[Requirement]:
Write out the data exactly, please, and omit the pictures.
(Data extract begins)
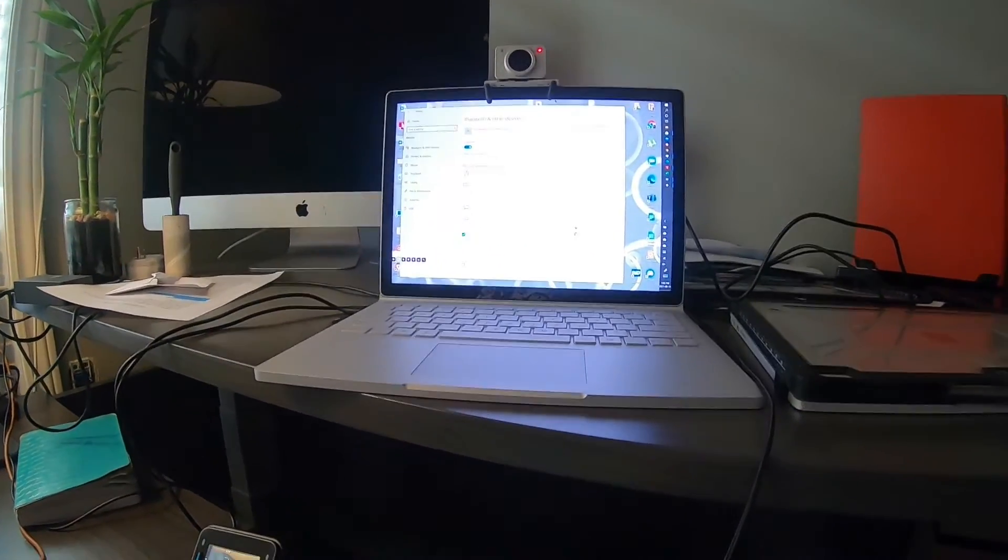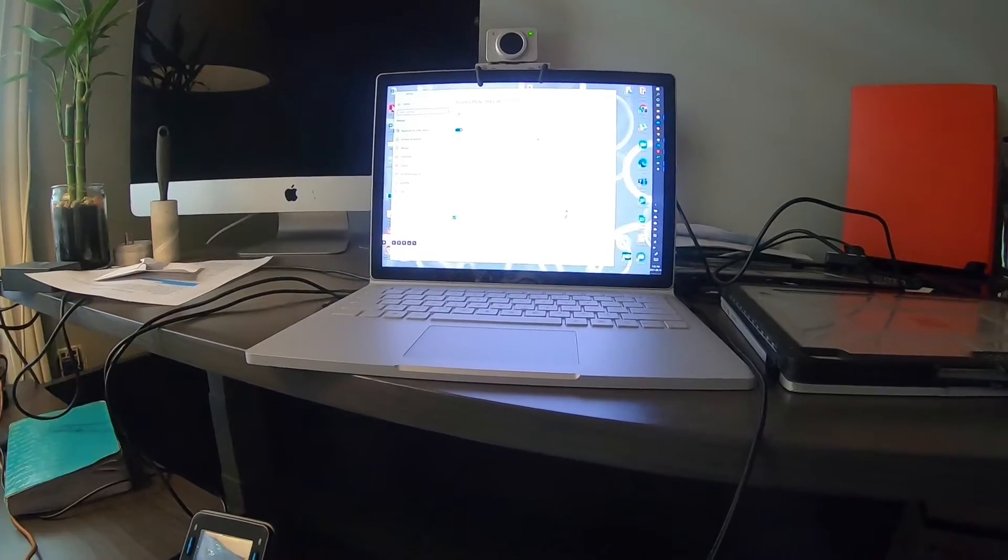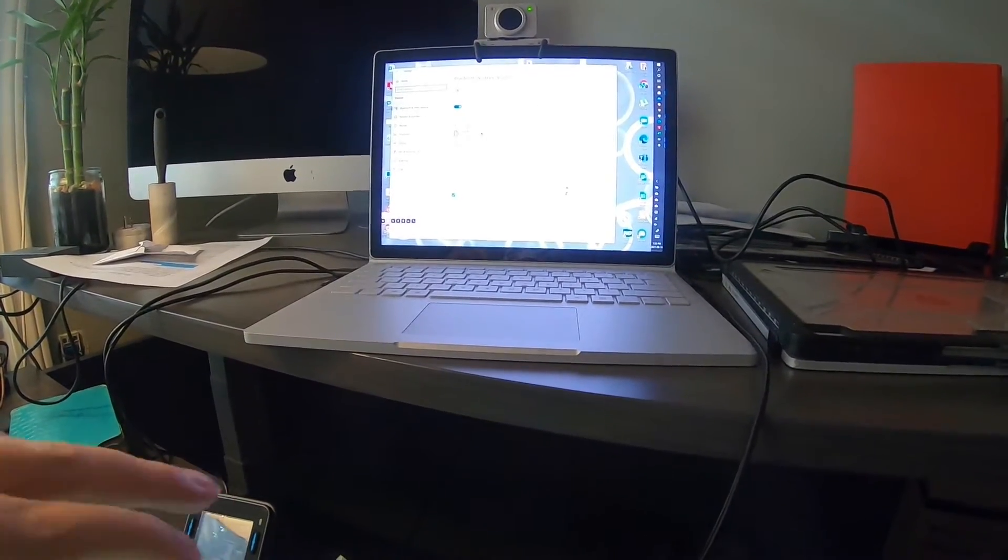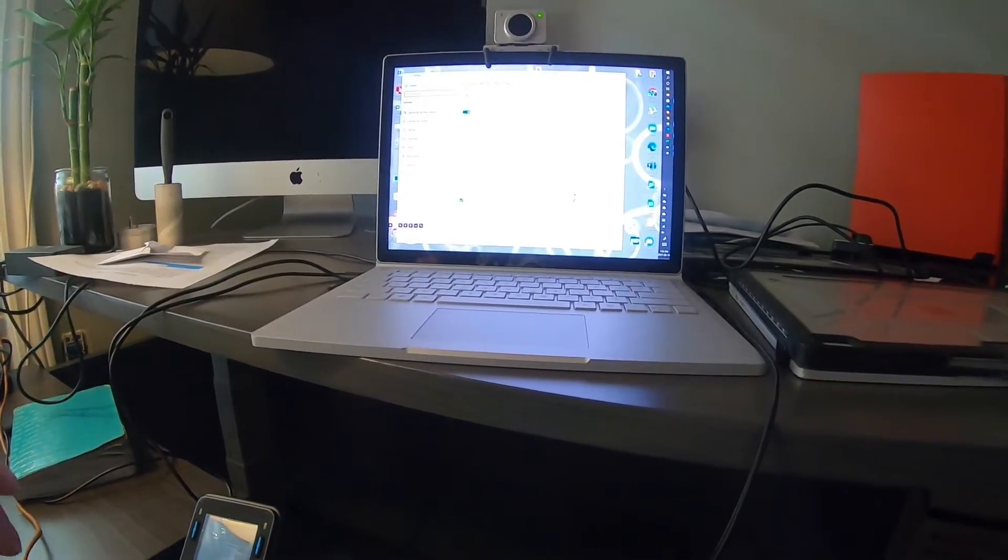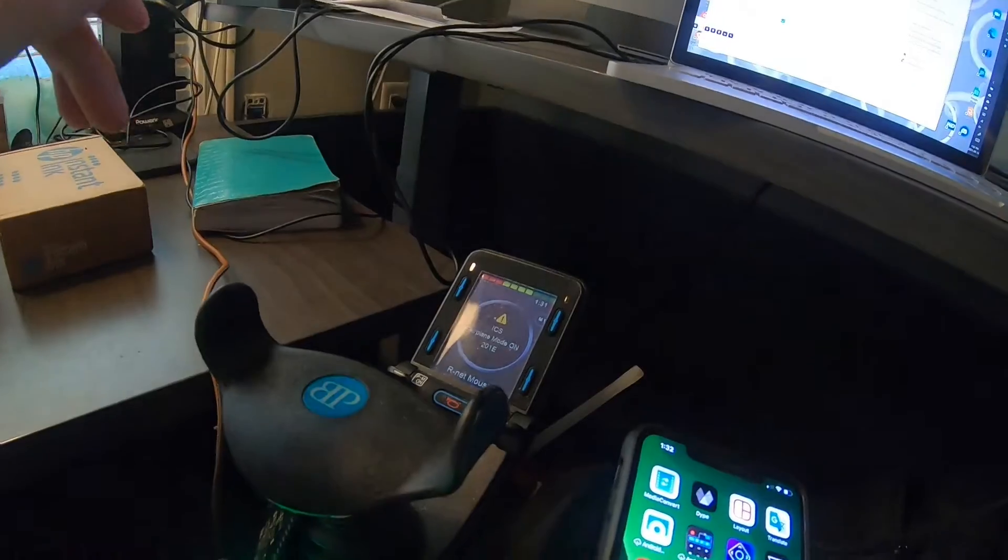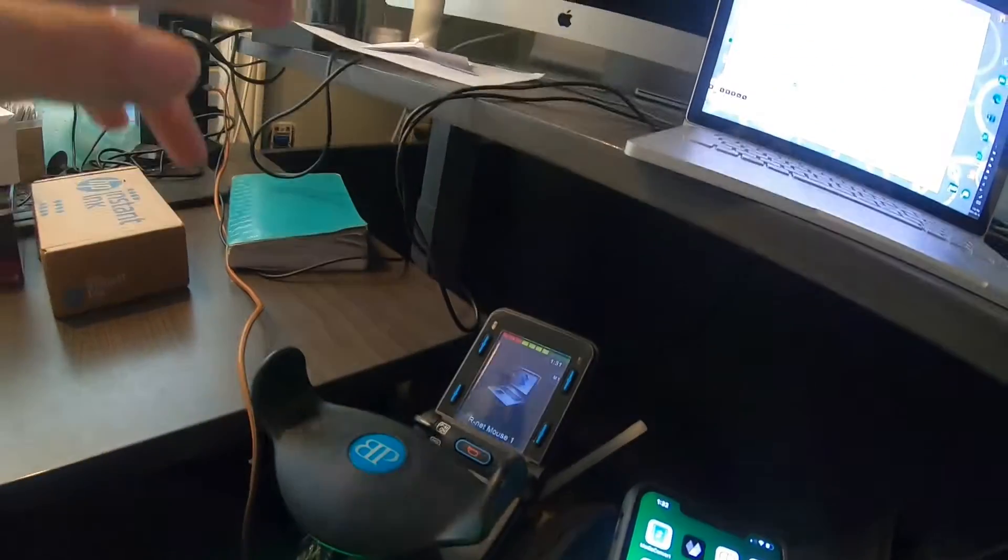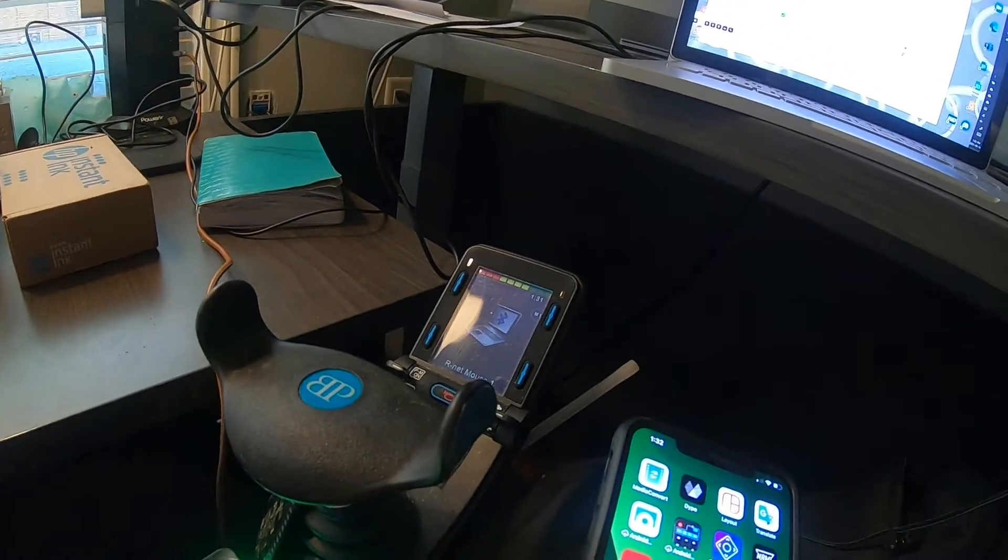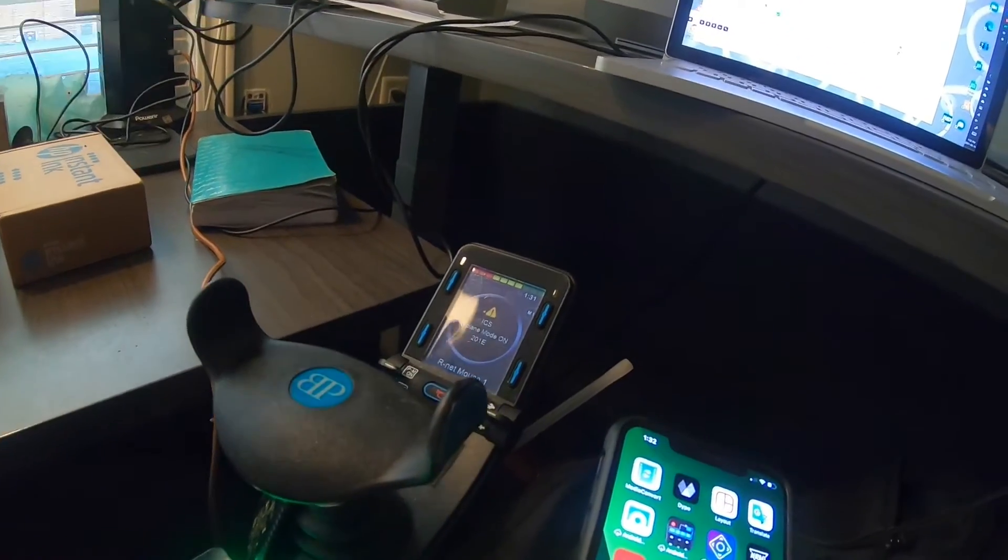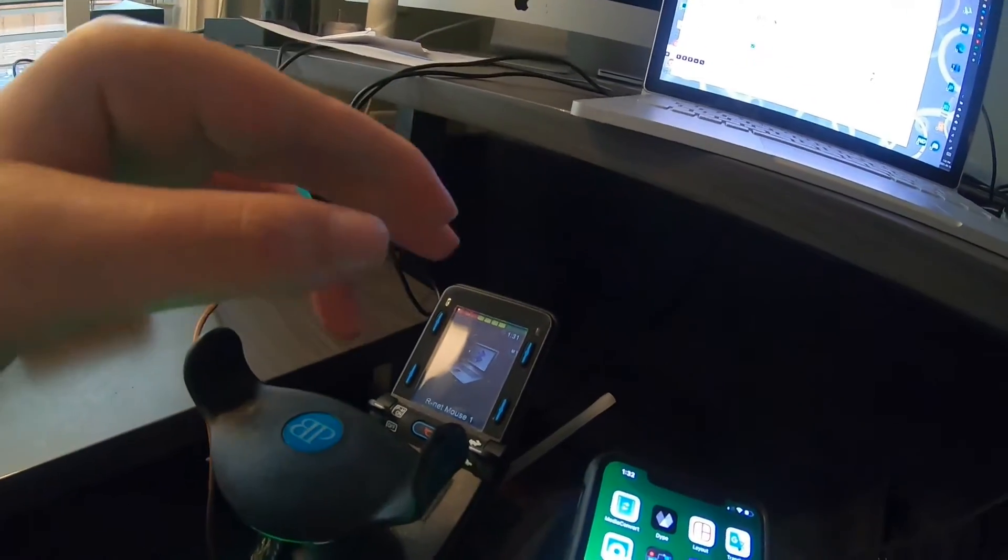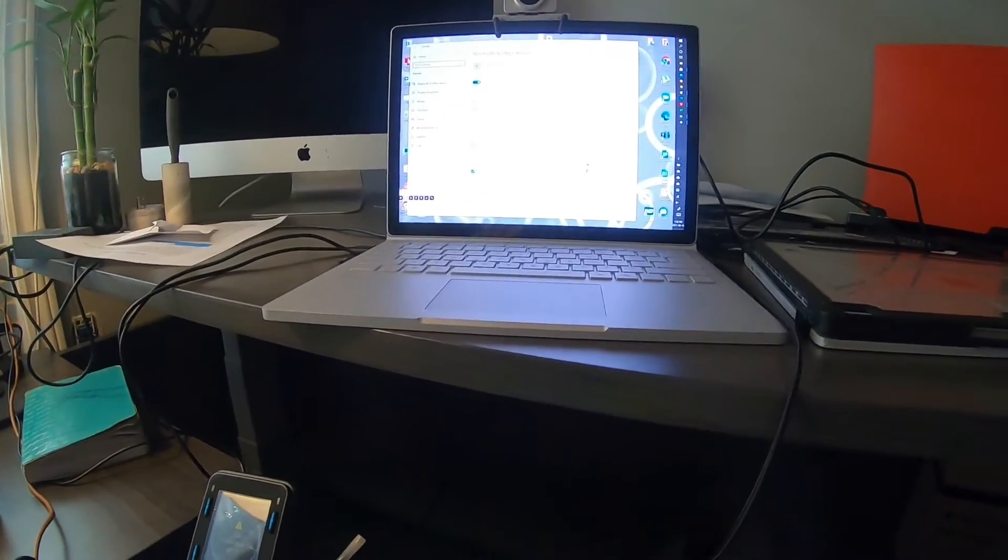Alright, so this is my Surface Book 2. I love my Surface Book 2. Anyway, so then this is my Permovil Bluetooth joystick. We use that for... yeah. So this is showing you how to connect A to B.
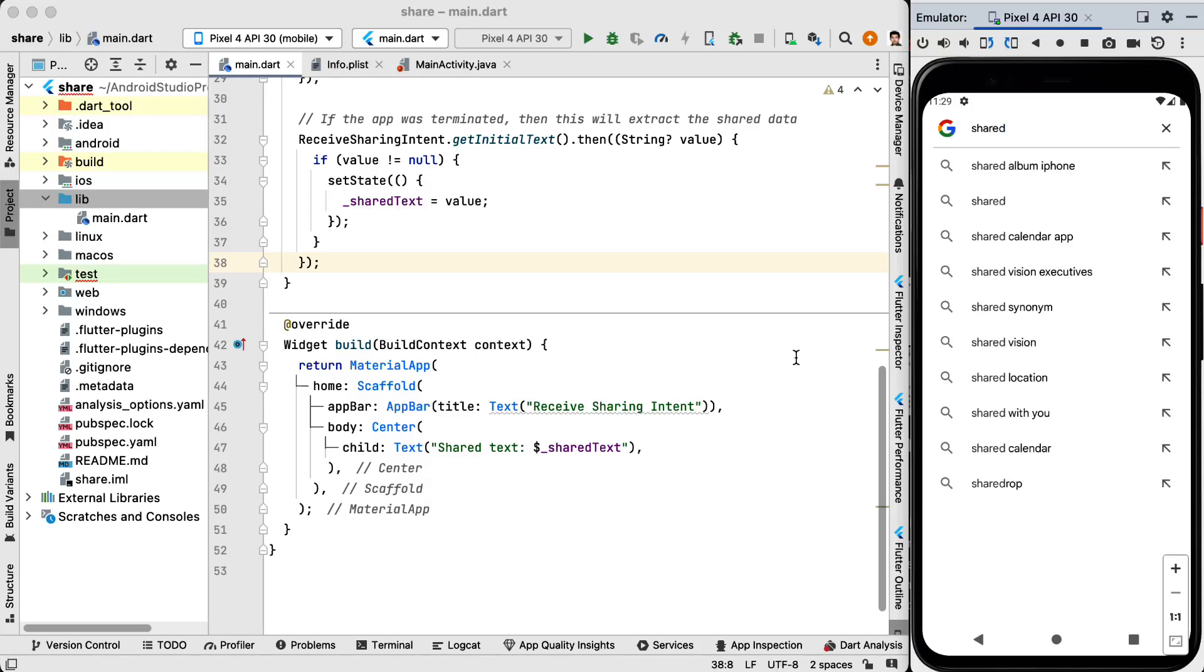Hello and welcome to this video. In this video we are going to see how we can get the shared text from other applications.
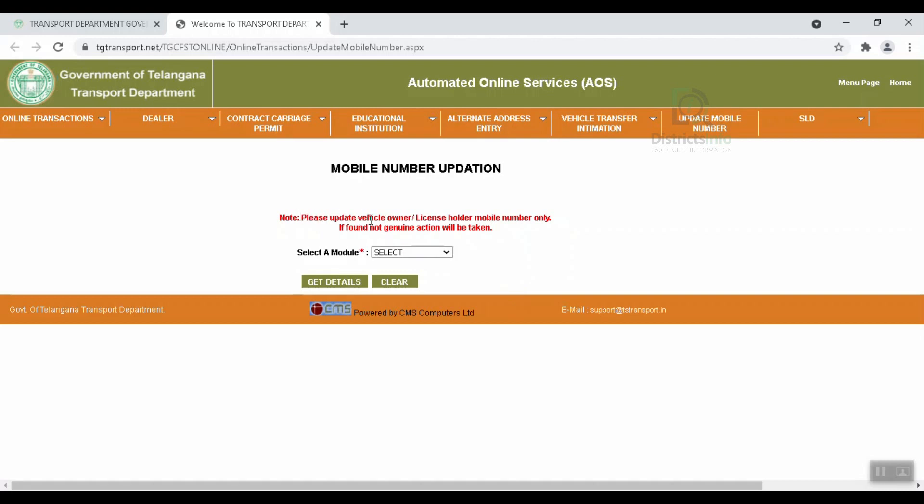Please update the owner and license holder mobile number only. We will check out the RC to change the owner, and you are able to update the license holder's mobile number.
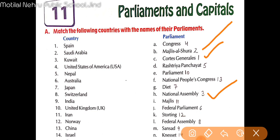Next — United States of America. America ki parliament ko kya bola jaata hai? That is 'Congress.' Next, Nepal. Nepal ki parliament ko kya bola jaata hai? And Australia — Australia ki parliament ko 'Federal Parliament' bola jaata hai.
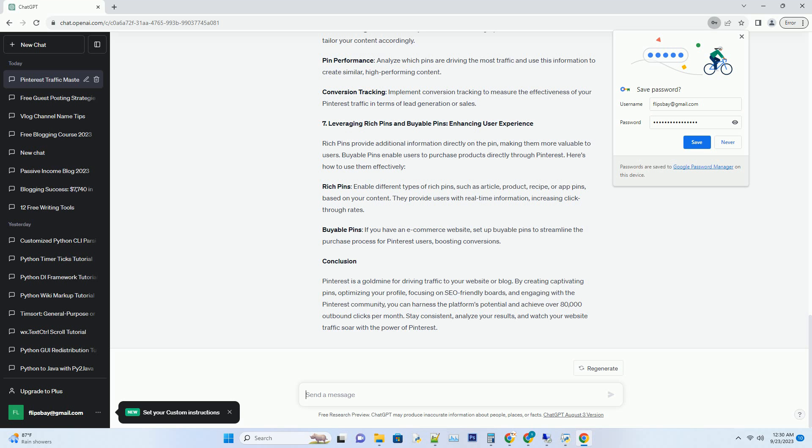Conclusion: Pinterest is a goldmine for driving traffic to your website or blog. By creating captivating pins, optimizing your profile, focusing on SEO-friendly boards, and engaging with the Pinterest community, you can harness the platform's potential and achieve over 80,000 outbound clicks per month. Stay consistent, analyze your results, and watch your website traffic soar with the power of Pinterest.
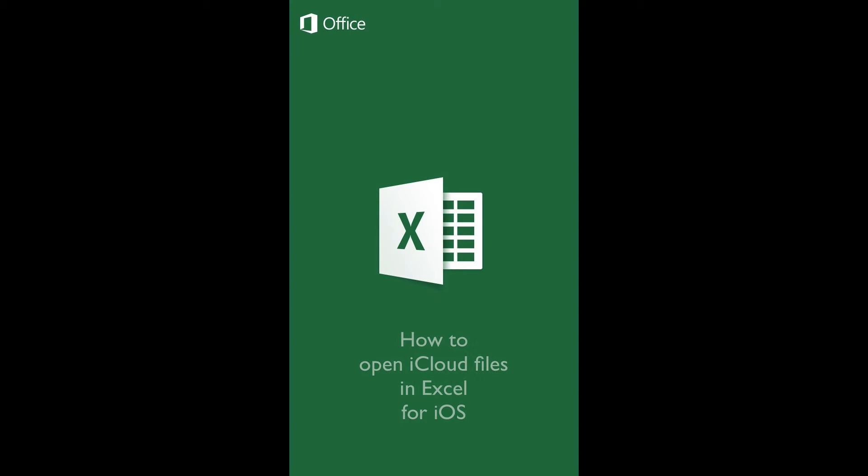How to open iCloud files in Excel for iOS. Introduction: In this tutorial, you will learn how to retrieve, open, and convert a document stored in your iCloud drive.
(Data extract ends)
[Expected answer]:
Alright, so this is my Surface Book 2. I love my Surface Book 2. Anyway, so then this is my Permovil Bluetooth joystick. We use that for... yeah. So this is showing you how to connect A to B.
Hello and welcome to this video. In this video we are going to see how we can get the shared text from other applications.
Please update the owner and license holder mobile number only. We will check out the RC to change the owner, and you are able to update the license holder's mobile number.
Next — United States of America. America ki parliament ko kya bola jaata hai? That is 'Congress.' Next, Nepal. Nepal ki parliament ko kya bola jaata hai? And Australia — Australia ki parliament ko 'Federal Parliament' bola jaata hai.
Conclusion: Pinterest is a goldmine for driving traffic to your website or blog. By creating captivating pins, optimizing your profile, focusing on SEO-friendly boards, and engaging with the Pinterest community, you can harness the platform's potential and achieve over 80,000 outbound clicks per month. Stay consistent, analyze your results, and watch your website traffic soar with the power of Pinterest.
How to open iCloud files in Excel for iOS. Introduction: In this tutorial, you will learn how to retrieve, open, and convert a document stored in your iCloud drive.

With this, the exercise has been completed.